• _PROBLEM TO SOLVE_
Take from the entries below the stretch from the line with "ID license plate I635499" through the line with "TILL Lowboard - Weiss", and return it exactly, leaving the pictures out.

• _RECORDS SUPPLIED_

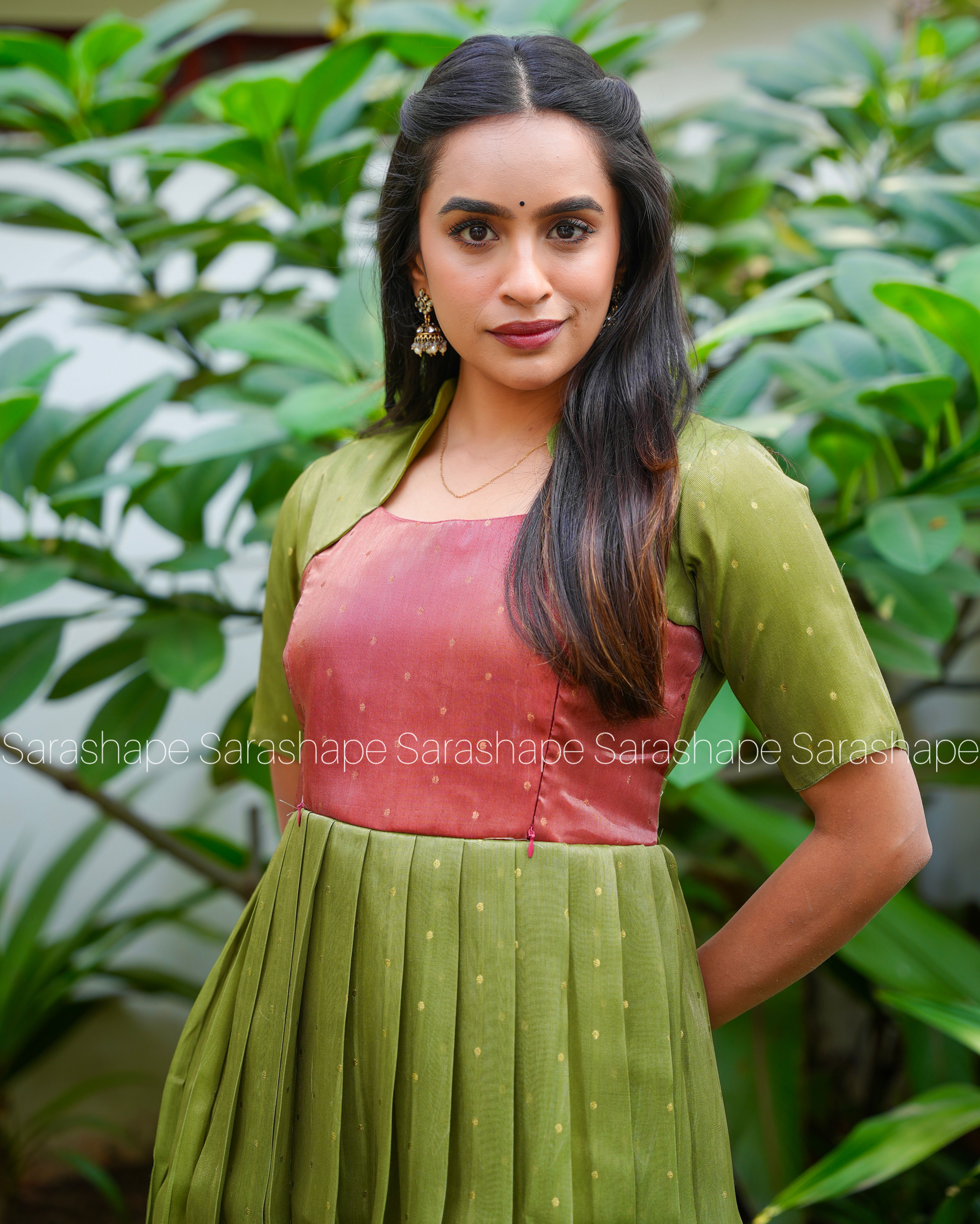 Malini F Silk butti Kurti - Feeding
---
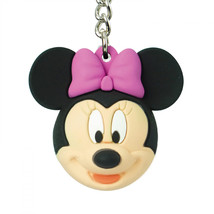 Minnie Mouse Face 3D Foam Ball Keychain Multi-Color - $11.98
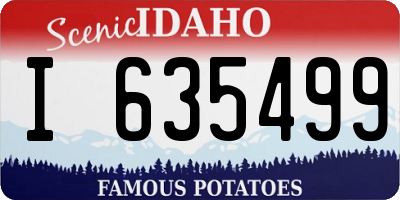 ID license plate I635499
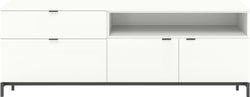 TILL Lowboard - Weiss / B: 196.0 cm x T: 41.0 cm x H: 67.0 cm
--
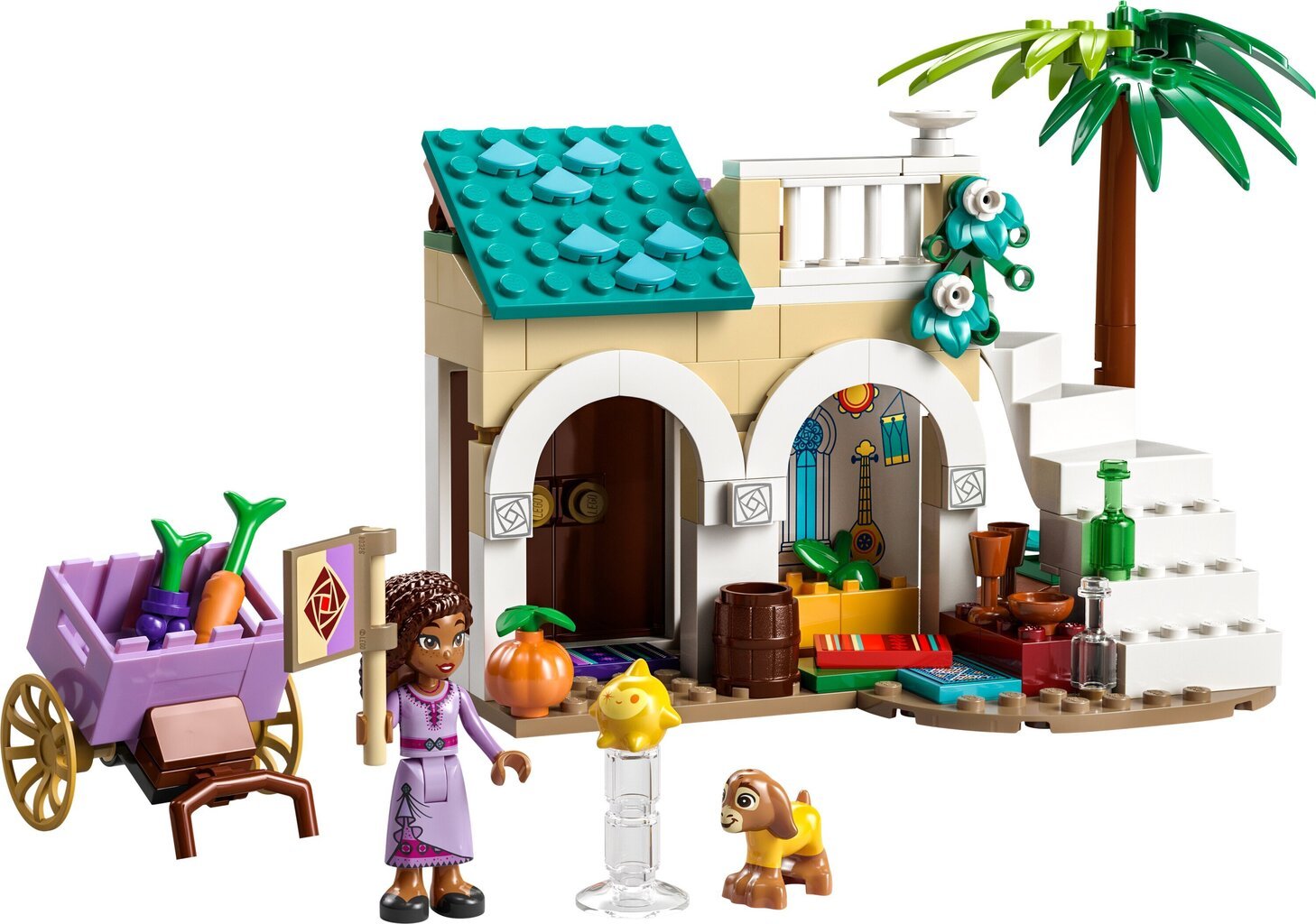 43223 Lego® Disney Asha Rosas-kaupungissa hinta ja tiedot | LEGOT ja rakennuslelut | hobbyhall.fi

• _YOUR RESPONSE_
 ID license plate I635499
 TILL Lowboard - Weiss / B: 196.0 cm x T: 41.0 cm x H: 67.0 cm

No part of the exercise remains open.